Song of Songs
by Battered notebook of stories
Summary: Cairo, 1926. Indy is haunted his past in the Great War, and learns a lesson about love that his doctoral program couldn't teach him. Set around the time of Water in the Desert.


Author's note: This story pretty much perched on my shoulder and insisted on being told.

Some parts may be difficult to read, but the event Indy describes was known to happen on the Western Front. _The Great War and Modern Memory_, by Paul Fussell is an excellent source for further reading.

Ravenwood dig

Cairo, 1926

It had started out as a wonderful night-Abner was in Cairo for two days and Indiana was off duty until tomorrow noon. And someone was waiting for him in his tent, someone with eyes as bright as the starry desert sky, who greeted him with loving arms and a smile that could stop his heart. They'd sat together on his cot, talking, and he'd uncorked a bottle of decent wine. Marion had scrounged a plate of food for them, as well. The only thing sweeter than the plump juicy grapes she'd brought were the kisses and laughter they'd shared between bites. Then he'd blown out the candle, and-well.

Indy told himself, often, that it wasn't just the sex, and really it wasn't _just _the sex, but what the hell- he was a man and it didn't hurt that the sex was _amazing._ Actually, it was amazing, astonishing, exquisite, and exhausting-but in the best possible way. Marion was alternately fierce and tender, passionate and innocent. She wanted it with him and only him, and she trusted him completely. Not to mention that she thought her Indy was the smartest, handsomest, sexiest man on earth. And that she thought he had to be the most wonderful lover _ever_, since he knew all about so many wonderful things. She didn't even mind his _snoring_, for God's sake-said it made her feel safe. In his more reflective moments, Indy wondered if he was getting to find these ideas a little too appealing.

But those reflective moments were getting fewer and further between. Indy had never known anything like their time together, when the world stopped at his tent flap and he and Marion were inside, safe in each other's arms. He was pretty sure, though, that she was the best thing that had ever happened to him. So when his sweet baby gave that -_adorable -_little satisfied sigh and cuddled up to him, he kissed her forehead and sleepily muttered something about love. Then he closed his eyes and drifted off, utterly content.

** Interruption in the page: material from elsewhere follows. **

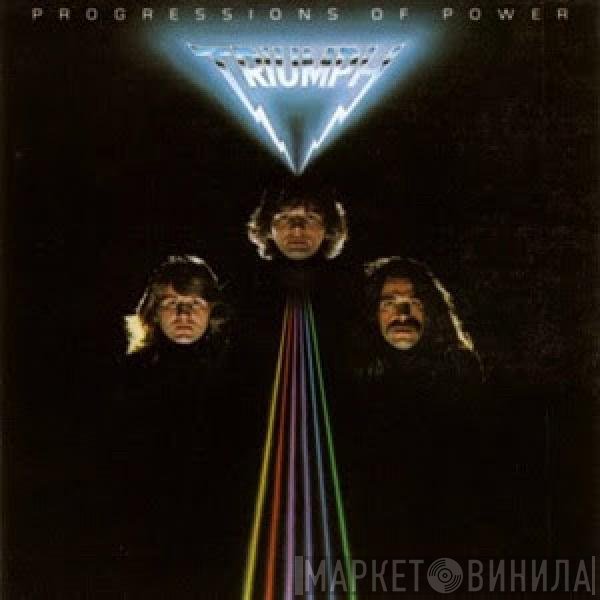 Triumph   - Progressions Of Power = Progresiones De Poder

His peace was short-lived. As the moon was setting, Indy's eyes snapped open and he shot bolt upright, covered in cold sweat. His heart was hammering in his throat and one arm flailed above his head-he only hoped that he hadn't cried out. Although it wouldn't have mattered much-anyone who'd been out in the field with him was used to his uneasy slumber. Indy shook his head, trying to clear it. He usually slept like a log next to Marion, but he doubted he would fall back asleep tonight. Better to get up, so that his tossing and turning wouldn't wake her.

So Indy put his drawers back on and sank into his camp chair. He wanted a cigarette, but it took his shaking hands three tries to light a match. He sat in the dark and smoked, listening to the night wind and Marion's soft breaths.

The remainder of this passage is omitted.